To ask the question is to answer it.

Household note:
I think the comment section to this blog should divide up into ‘political/societal aspects of the
surveillance state and totalitarianism’, and ‘technological/cryptologic aspects’ — although, at
the same time, I would propose to oblige readers of any section to read the other…

Ferguson Deception August 20, 2014 11:45 PM

@Jacob “…to find out what goes on in Ferguson”

Even today we are boggled by the bizarre response of law enforcement.

I think the explanation can be found in an examination of the larger context.

By framing Ferguson in racial terms rather than in government accountability terms, the public can be distracted from the consequences of the Snowden revelations.

In other words, the main purpose of how Ferguson is being handled is to switch the general frame of reference from the Revolutionary War to the Civil War.

Since the government is small relative to the whole population, they must rely on producing divisions.

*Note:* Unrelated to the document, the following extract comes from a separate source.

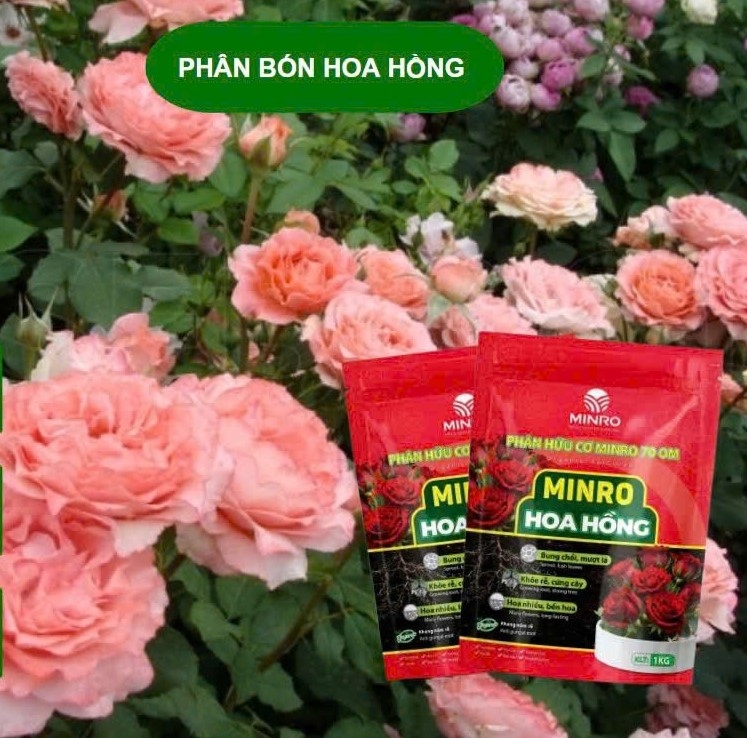 PHÂN BÓN HOA HỒNG
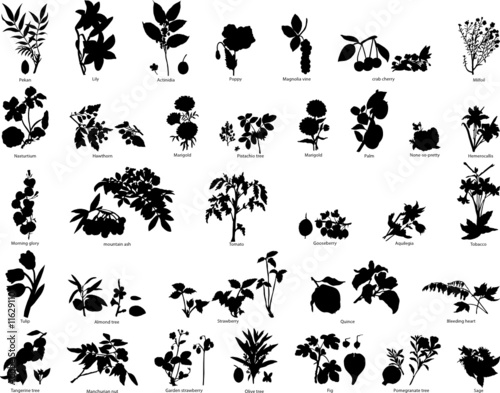 flowers silhouettes set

The Democrat/Republican division has been breaking down as people unite to preserve their liberty.

The fallback is to inflame racial and religious divisions.

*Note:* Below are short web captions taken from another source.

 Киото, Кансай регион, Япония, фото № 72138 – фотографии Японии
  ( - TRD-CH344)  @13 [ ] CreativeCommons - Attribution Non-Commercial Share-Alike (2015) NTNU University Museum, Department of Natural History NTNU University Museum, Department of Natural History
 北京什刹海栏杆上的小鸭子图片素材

That’s Ferguson in essential terms, a global level COINTELPRO operation.

Gerard van Vooren August 21, 2014 12:54 AM

@ Skeptical

“Unfortunately war is not always foreseeable. The US prudently prepares for contingencies that may involve adversaries with high levels of technological sophistication. Were the US to permit its advantages in such contingencies to erode, the world would rapidly become a less stable place.

I disagree with your statement.

Btw a lot more people think that way. Just watch:

“The power of nightmares” (2004)
“Why we fight” (2005)
“The untold history of the United States” (2012)

I would even go further and say that compared with Bush, the murderous and lying actions of Nixon are that of an altar boy. Obama is on the same level as Bush. He is only more tacky.

What is your blind eye? The left one or the right one?

Or do you use an eye patch and switch that when it is convenient?

THEY did NOT make the world a more stable place!!! At this moment they use drones strikes in Iraq against a boogie man enemy that I never heard of a year ago.

You are aware that half of the posts here are about that the NSA is doing deeply wrong things?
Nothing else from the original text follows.